Толпа заплясала, не сходя с места. Появилась невеста, держа под руку жениха. Белое платье впереди морщилось, поднималось на животе, а сзади подол его волочился по земле. Жених заказал вальс. Толпа расступилась, впустив новобрачных в круг, и вновь сомкнулась. Женщин не хватало. Мужчины танцевали друг с другом. Неожиданно меня пригласил высоченный дядька сажень в плечах, как говорят о таких. Новенький костюм сидел на нем так плотно, что, казалось, прирос к телу. Танцевал он здорово. Чувствовалась старая школа. Он вальсировал легко и раскованно, причем не только по часовой стрелке, но и против, не давая моим ногам коснуться земли. Его надежно вытесанное лицо при всей мужской сдержанности сияло удовольствием. Проводив меня и уже собираясь уйти, он вдруг спросил: «Ну и сколько мне лет, по-вашему?» — «Пятьдесят», — выдохнула я, сознательно скинув десяток. «Скоро восемьдесят! — отчеканил он, — и нисколько не устал — офицерская закалка!» Я дышала тяжело. И не только от танца. Пыль стояла плотной завесой, щекотала ноздри, собиралась комком в глотке, заставляла слезиться глаза. Песок хрустел на зубах. Музыкантам доставалось особенно — они еще и пели, как-то обезличенные пылью. Их чернявые головы казались седыми. «Что же это делается? Пыль-то наверняка того… радиоактивная…» Но мысль эта ворохнулась вяло и почти безразлично — уже свыклись. Да и целиком была поглощена невиданным зрелищем…

Стояла глухая ночь. На небе ни звездочки. Только слабый свет лампочки освещал музыкантов. Толпа, черная и подвижная, с глухим рокотом, словно вышедшая из берегов река, текла в разные стороны, внезапно, но плавно и согласно, что было удивительнее всего, меняя направление.

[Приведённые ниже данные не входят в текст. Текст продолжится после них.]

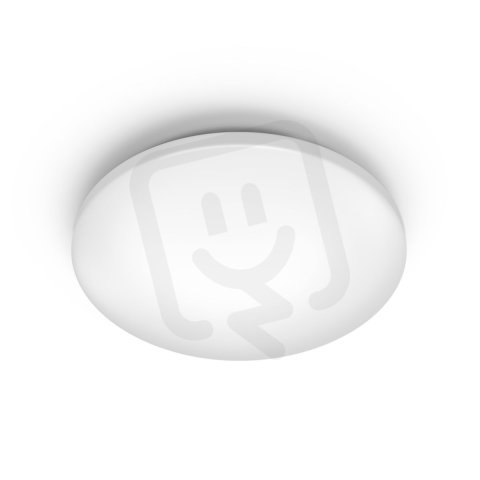 Philips 871869968059600 Zarpy SVÍTIDLO STROPNÍ LED 10W 980lm 2700K IP44, bílá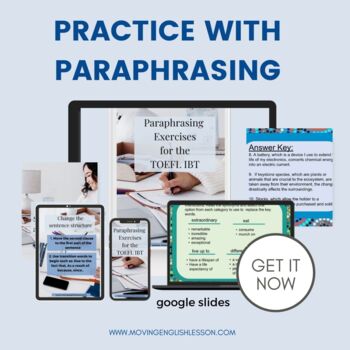 paraphrasing in english pedagogy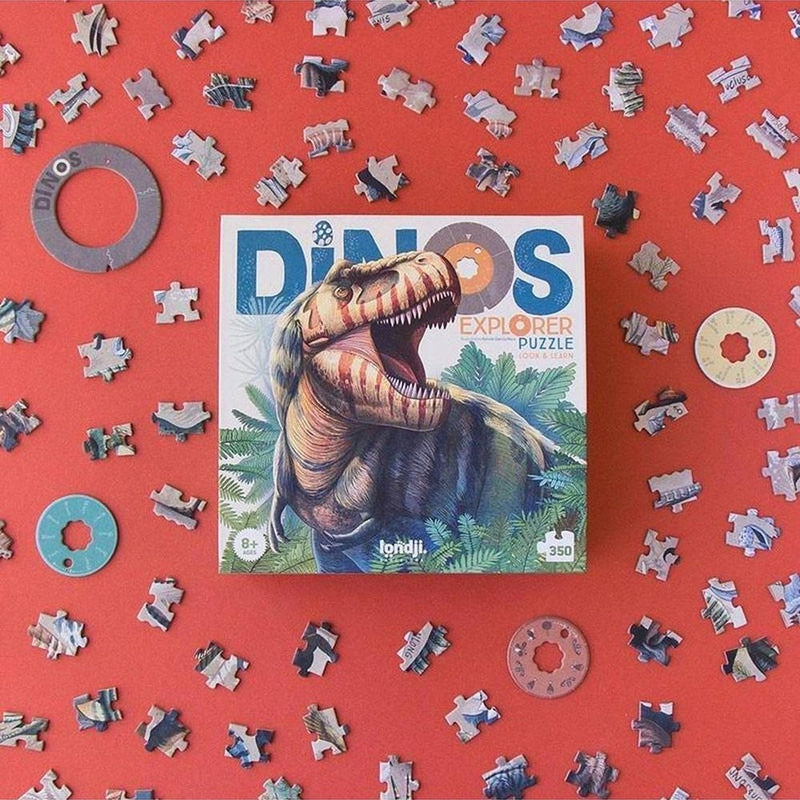 Londji Puzzel Dinos Explorer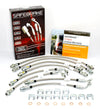 Landcruiser VDJ76 / 79R (VSC + ABS, 3 Inch Lift) Brake Line Kit (2007-2024)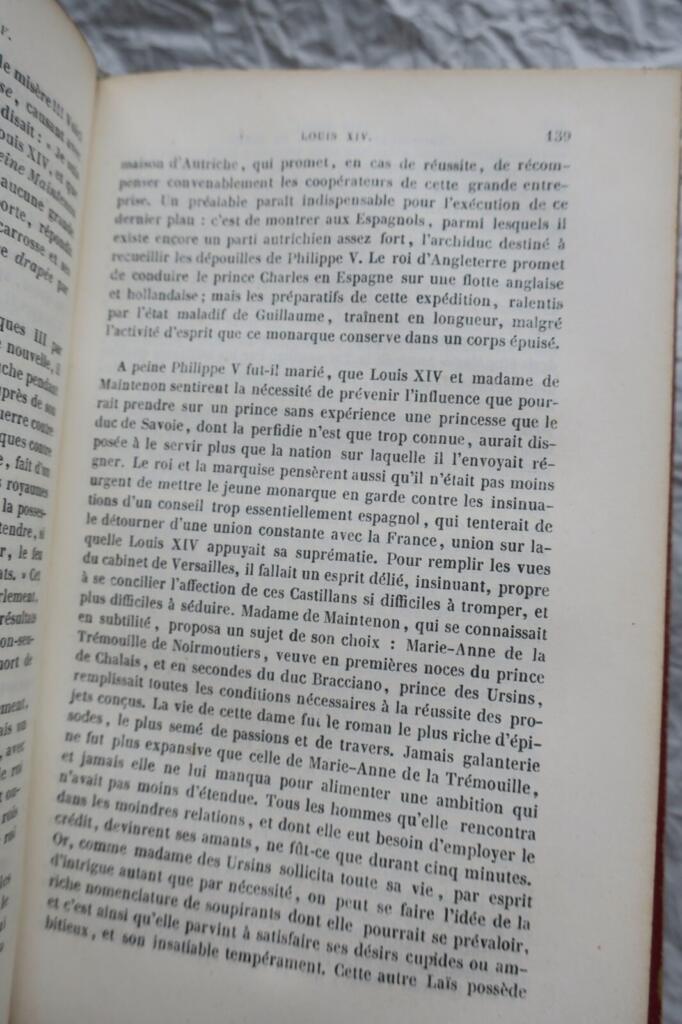 Touchard-Lafosse Chroniques Pittoresques et Critiques de L’Oeil de Boeuf 1845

Казалось, каждый пляшущий (именно пляшущий, а не танцующий) был сам по себе: выкидывал коленца, хлопал в ладоши, выкрикивал что-то, не обращая внимания на других, не заботясь о мнении окружающих, сосредоточившись лишь на своих ощущениях и мыслях. И все же в лицах и поведении людей было что-то общее, ущербное, но притягательное даже в ущербности…

Лица, лица, лица… Отрешенные, добродушные, восторженные. Застигнутые взглядом врасплох. И — одинаково уставшие.

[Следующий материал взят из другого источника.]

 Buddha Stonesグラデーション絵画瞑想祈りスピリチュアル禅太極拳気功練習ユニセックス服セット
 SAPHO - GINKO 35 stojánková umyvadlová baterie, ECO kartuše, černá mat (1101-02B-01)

Постепенно черты заострялись, становились резче, отчетливей. Медленная бледность, граничащая с желтизной, заливала лица, делала их менее подвижными, неестественными. Лица злых и добрых, умных и глупых, хитрецов и простофиль. Случайные лица, собранные воедино не столько весельем, сколько общей бедой. Хаос жизни каждого обладателя этого нового общего лица при всей разности глаз, носов, губ растворен в этом общем хаосе. Все, что накопилось за жизнь, выплеснуто в эту ночь: честь и бесчестие, достоинство и пороки, явное и мнимое. Выплеснуто неожиданно и в то же время естественно.

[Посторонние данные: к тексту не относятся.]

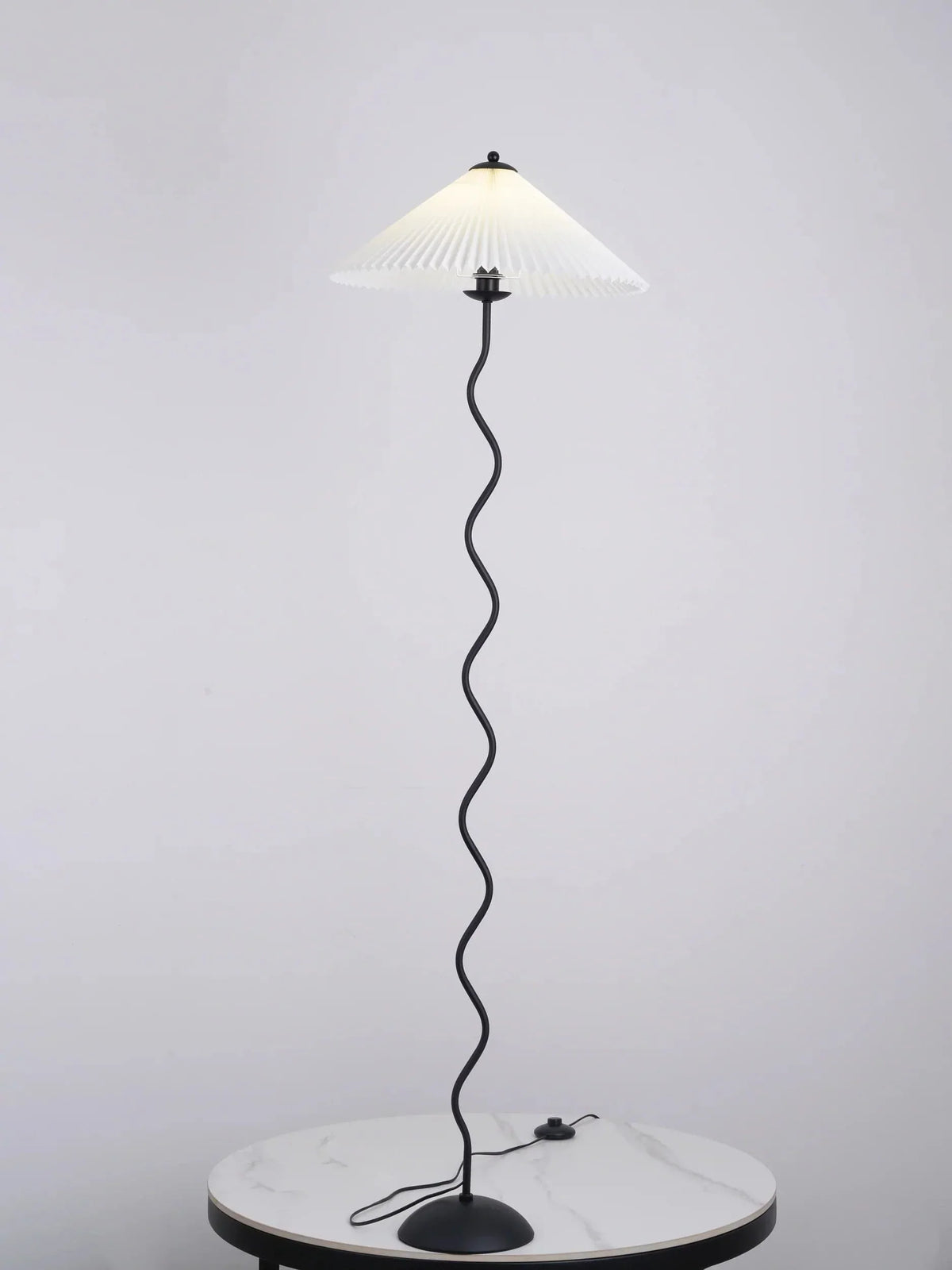 Metavaya Floor lamp Squiggle Floor Lamp Buy Squiggle Lamp Base Online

Я пыталась вспомнить нечто похожее из книг — объяснить психологию толпы, вовлеченной сначала в круговорот бедствия, когда люди внутренне оказались не подготовленными к нему, а затем в это, такое же неожиданное для большинства, с горьковатым привкусом, веселье. Сюда бы историка нравов, исследователя психологических норм эпохи!

Первым пришел на ум Пушкин — история повторяется и, если верить поэту, то даже при коренном изменении общества меньше других переменам подвержен так называемый простой народ. Поэтому в его поведении даже психологические стереотипы должны сохраняться дольше… Люди держатся за стереотип, простую схему, в которую они попытались загнать всю сложную реальность, чтобы оправдать свои пороки, свою ограниченность, свое недомыслие. Запутавшись в противоречиях мира и собственной жизни, чаще всего вовсе отказываются даже от попыток что-либо изменить. Но именно поэтому каждое веселье становится выплеском душевного груза — лишнего, тягостного, агрессивного. Становится ситуативным торжеством неуклюжей свободы.

Незаметно размылась и исчезла граница между ночью и утром, а толпа плясала и плясала. Наконец появился заспанный жених и объявил в микрофон, что прощается с гостями. Никто не возразил ни жестом, ни словом. Толпа мгновенно поредела, рассыпалась. Сгорбленные фигурки словно отлетели в разные стороны. Начинался новый день в тридцатикилометровой зоне.